Jakarta, NU Online
Peran santri sangat besar dalam rangka membangun semangat perjuangan kemerdekaan Negara Kesatuan Republik Indonesia (NKRI). Tak berhenti di situ, para santri juga berupaya dalam mempertahankannya dan mengisi kemerdekaan.
"Betapa perjuangan dan kontribusi para santri kepada bangsa dan negara sangat besar," kata Ketua Umum Pengurus Besar Nahdlatul Ulama (PBNU) KH Said Aqil Siroj dalam pidato kebudayaannya pada Hari Santri 2019 di Gedung Kesenian Jakarta, Selasa (22/10).
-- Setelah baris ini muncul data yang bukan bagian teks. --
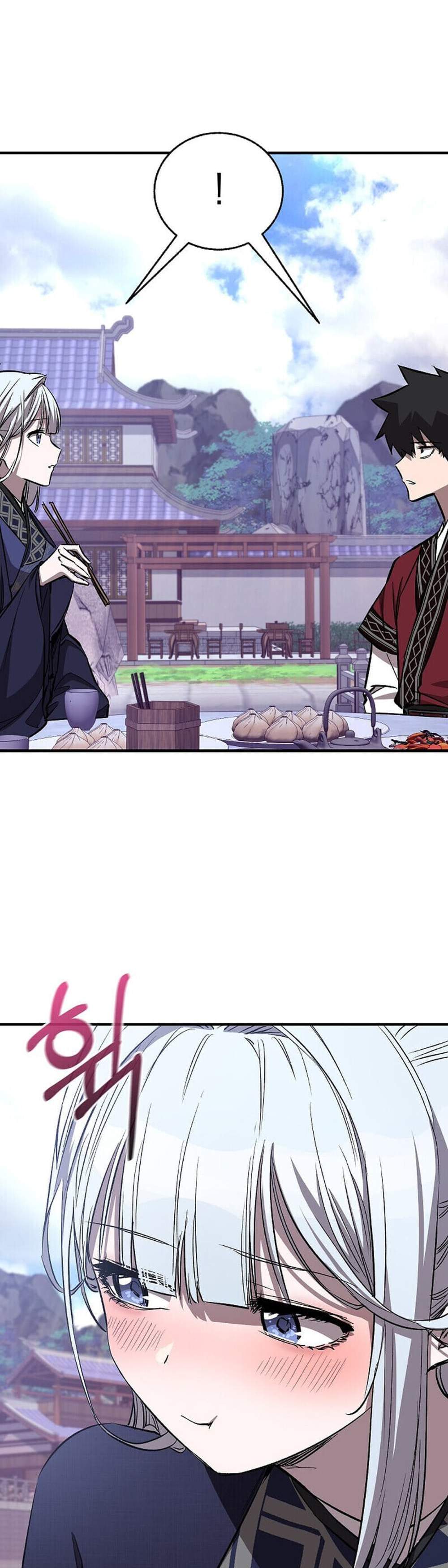 Childhood Friend of the Zenith สหายวัยเยาว์ของข้าแข็งแกร่งที่สุดในใต้หล้า แปลไทย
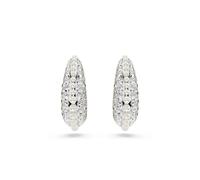 Swarovski - 5692107 - Sublima - Ton argenté - Boucles d'oreilles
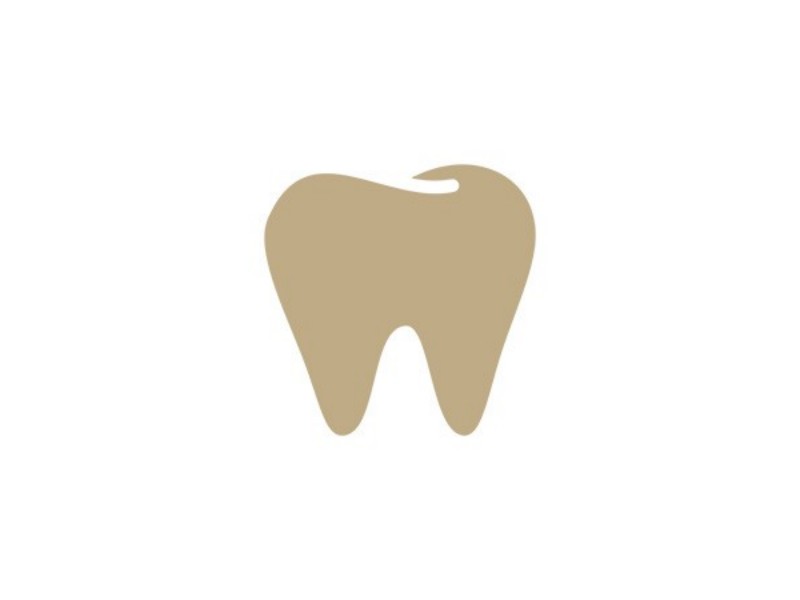 Implante Dentário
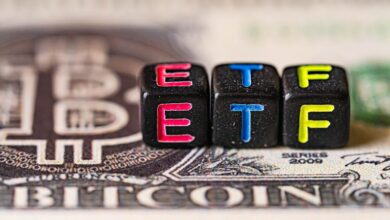 Bitcoin ETF gewinnt an Bedeutung – Fantom (FTM), Polygon (MATIC) und NuggetRush (NUGX) gelten als die am meisten unterbewerteten und vielversprechendsten Altcoins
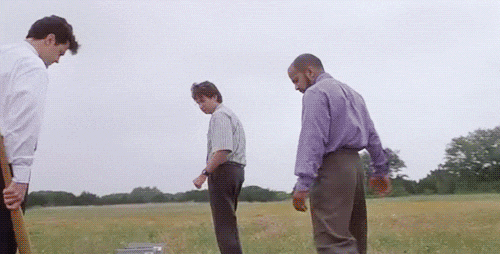 Ford Bronco Found a GPS tracker installed on vehicle without my approval office-space-printer-scene-beating-down-in-field-xgwoaz146izz2u2a-3228208023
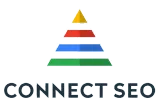 Google ads by Connect SEO UK
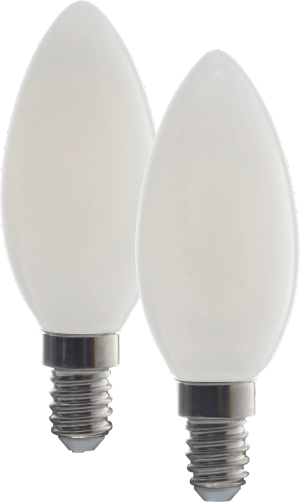 LED-lampa (ICA)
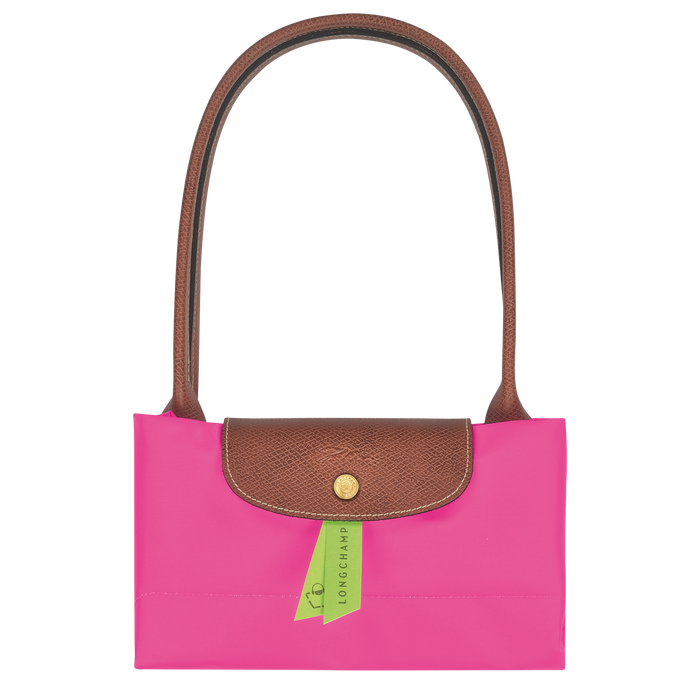 Le Pliage Original Tote bag L, Candy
Hal demikian didasarkan setidaknya pada empat tokoh yang ia sebut dalam pidatonya, yakni KH Abbas Abdul Jamil, Pangeran Diponegoro, Ki Hajar Dewantara, dan Habib Husein Muthahar.
Kiai Abbas berperan penting dalam rangka mempertahankan kemerdekaan yang diraih pada 17 Agustus 1945. Sosok yang disebut oleh Hadratussyekh KH Hasyim Asy’ari sebagai Singa dari Jawa Barat itu menjadi alasan ditundanya pertempuran yang semula dijadwalkan pada 9 November 1945 menjadi 10 November 1945.
"Semula Bung Tomo berencana untuk melakukan penyerbuan kepada Belanda pada tanggal 9 November. Namun, Kiai Hasyim Asy’ari meminta untuk menundanya. Alasannya, karena Kiai Abbas Abdul Jamil yang dikenal sebagai Singa dari Jawa Barat belum sampai ke Surabaya," jelasnya.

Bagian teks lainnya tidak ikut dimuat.